Wer heute über die Kunst der Predigt nachdenkt, kommt an drei Büchern kaum vorbei: D. Martyn Lloyd-Jones’ Die Predigt und der Prediger, Charles Spurgeon Ratschläge für Prediger – und, in neuerer Zeit, Bryan Chapells Die Auslegungspredigt mit Fokus auf Christus. Wenn die beiden erstgenannten Werke als Klassiker des 19. und 20. Jahrhunderts gelten, so darf Chapells Buch als das maßgebliche Handbuch für eine neue Generation von Predigern bezeichnet werden. Umfang, Tiefe und Praxisnähe machen es zu einem Werk, das im besten Sinne „zeitlos“ ist – gründlich reformatorisch und doch zeitgemäß.

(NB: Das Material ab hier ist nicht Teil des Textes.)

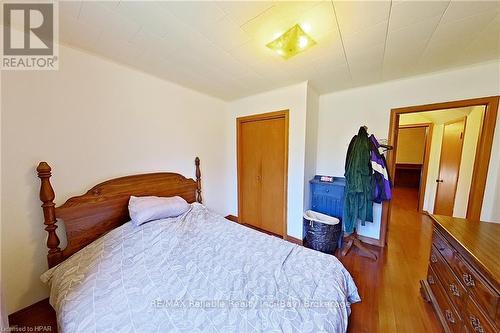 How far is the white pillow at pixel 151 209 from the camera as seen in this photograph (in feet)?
5.40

Ein Werk von beeindruckendem Umfang und Struktur

Schon der erste Eindruck verrät: Dieses Buch ist kein bloßer Ratgeber oder eine Sammlung von Tipps, sondern ein vollständiges, systematisch aufgebautes Lehrbuch der Homiletik. Mit über 500 Seiten ist es etwa so umfangreich wie Lloyd-Jones und Spurgeon zusammen. Es ist in drei große Hauptteile gegliedert:

  1. Grundprinzipien der Auslegungspredigt – die theologische und geistliche Basis.
  2. Die Vorbereitung der Auslegungspredigt – das praktische Handwerkszeug.
  3. Eine Theologie der christuszentrierten Verkündigung – die geistliche Zielrichtung.

Dazu kommen über 100 Seiten Anhang mit Beispielpredigten, Gliederungshilfen, Mustern, Hinweise zur Rhetorik und einem gründlichen „Auswertungsbogen“, der Predigern hilft, sich selbst zu prüfen und zu wachsen.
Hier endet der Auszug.